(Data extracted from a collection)
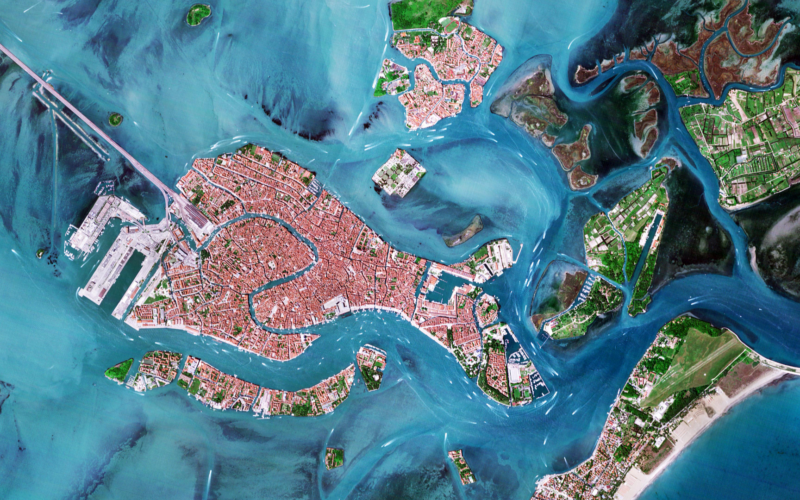 Clima: El azul de Venecia visto desde órbita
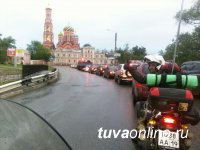 Горсть тувинской земли развеяна в Белоруссии над захоронением уроженца Тувы Героя Советского Союза Михаила Бухтуева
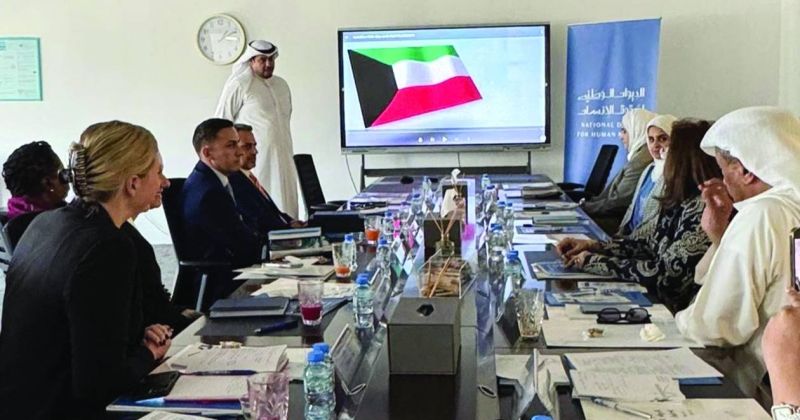 من اجتماع مسؤولي الديوان مع السفيرة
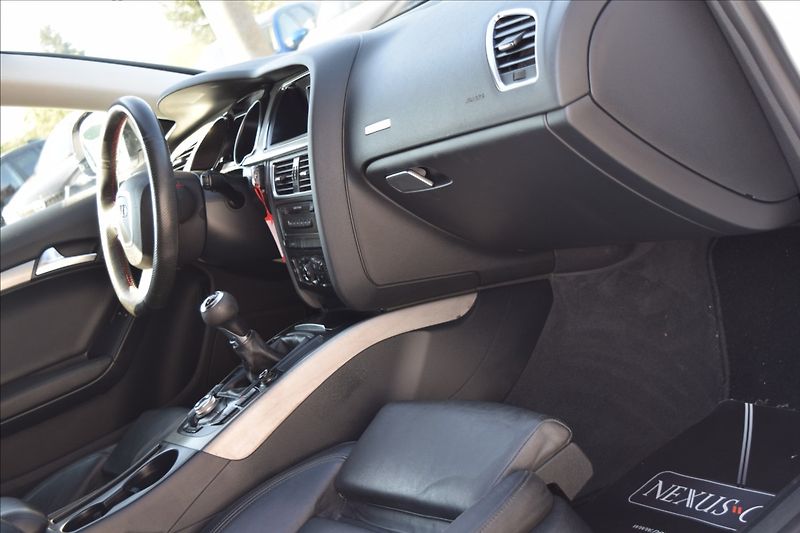 Audi A5 3,0 TDI 176KW S-LINE ALU SERVI - fotka 40 z 48
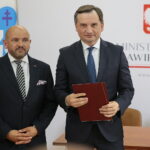 16.09.2019. Kielce. Konferencja prasowa w Wojewódzkim Szpitalu Zespolonym na temat zakupu nowoczesnego sprzętu ratującego życie. Na zdjęciu od lewej: Mariusz Gosek - członek Zarządu Województwa Świętokrzyskiego, Zbigniew Ziobro - minister sprawiedliwości i prokurator generalny / Wiktor Taszłow / Radio Kielce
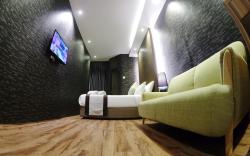 HereHotel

[What is required]: Your answer must be the lines from the one containing "Audi A5 3,0" through the final line of the entries, duplicated exactly, with both ends kept and all pictures left out.

[Response]:
 Audi A5 3,0 TDI 176KW S-LINE ALU SERVI - fotka 40 z 48
 16.09.2019. Kielce. Konferencja prasowa w Wojewódzkim Szpitalu Zespolonym na temat zakupu nowoczesnego sprzętu ratującego życie. Na zdjęciu od lewej: Mariusz Gosek - członek Zarządu Województwa Świętokrzyskiego, Zbigniew Ziobro - minister sprawiedliwości i prokurator generalny / Wiktor Taszłow / Radio Kielce
 HereHotel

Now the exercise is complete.